Understanding Google My Business & Local Search
Knowledge Panel – Down the Hotel Rabbit Hole with Google
Google is leaving no stone unturned in their effort to find new ways to 1)show ads and 2)redirect users back to Google properties to see those ads.
Brad Brewer of Brewer Digital Marketing originally shared this screen shot on G+ showing the addition of a link to Google’s hotel search from the Knowledge Panel on geographic city based searches.
This link of course returns an ad laden search result which takes you to the Google Hotel Local Stack, which if you click takes you to the Google Hotel Booking Page which if you click takes you to a Branded Search Knowledge Panel Booking page for a given hotel.
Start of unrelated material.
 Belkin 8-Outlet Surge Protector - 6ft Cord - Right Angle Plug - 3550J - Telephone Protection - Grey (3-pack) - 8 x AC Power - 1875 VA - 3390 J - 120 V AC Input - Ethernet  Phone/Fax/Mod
Talk about going down the Google rabbit hole… not a web link to be seen through most of this process except of course back to Google or to an ad. I think that the engineers at Google have in fact been reading Alice in Wonderland:
“Would you tell me, please, which way I ought to go from here?”
“That depends a good deal on where you want to get to.”
“I don’t much care where –”
“Then it doesn’t matter which way you go.”
― Lewis Carroll, Alice in Wonderland
“As long as it’s back to Google”
– Larry Page
Google’s new motto: “What good is knowledge and all those facts if they can’t be monetized?”
Imagine some of the possibilities. Google could sell Disney tickets ads on the SeaWorld KP, they could sell t-shirt ads on the Bono one and heck maybe they could entice a Canadian pharmacy to sell drugs on the Knowledge Panel for US insurance companies. The possibilities are endless.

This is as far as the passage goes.